## WHAT YOU NEED TO DO
The copy must match the data below line for line and contain no images.

## RAW DATA
────────

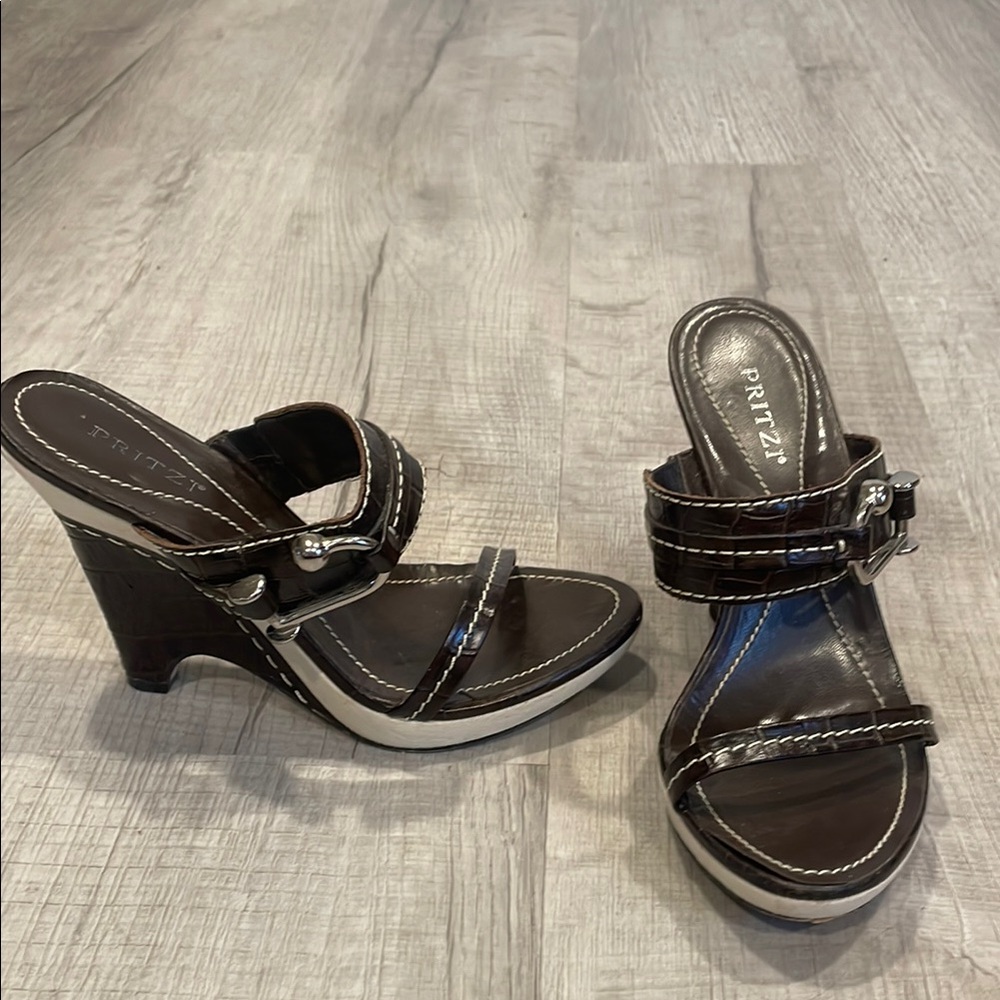 Pritzi Women's Black Wedge Sandals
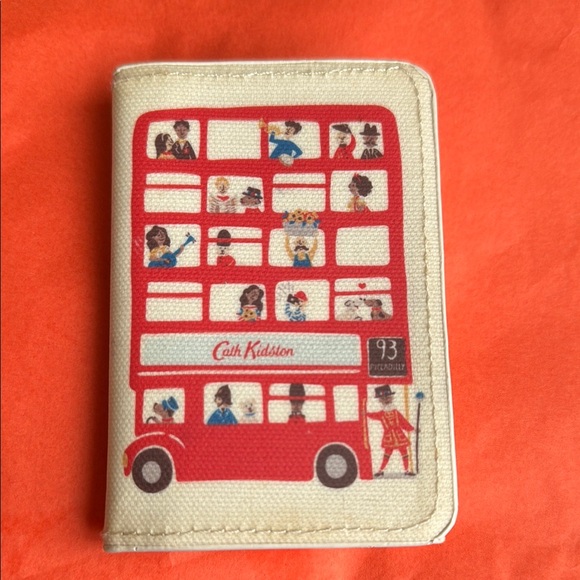 Cath Kidston Accessories - Cath Kidston Red and Cream credit card holder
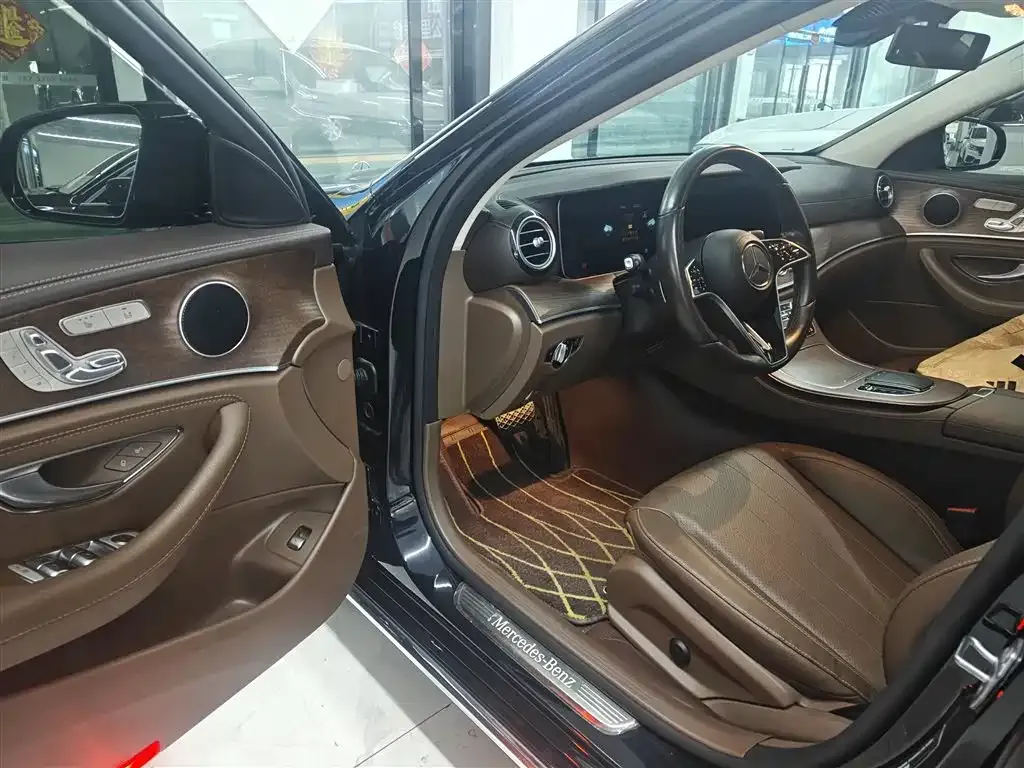 Mercedes-Benz E-Class 2023 из CN, фото 9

────────

## RESULT OF THIS EXERCISE
 Pritzi Women's Black Wedge Sandals
 Cath Kidston Accessories - Cath Kidston Red and Cream credit card holder
 Mercedes-Benz E-Class 2023 из CN, фото 9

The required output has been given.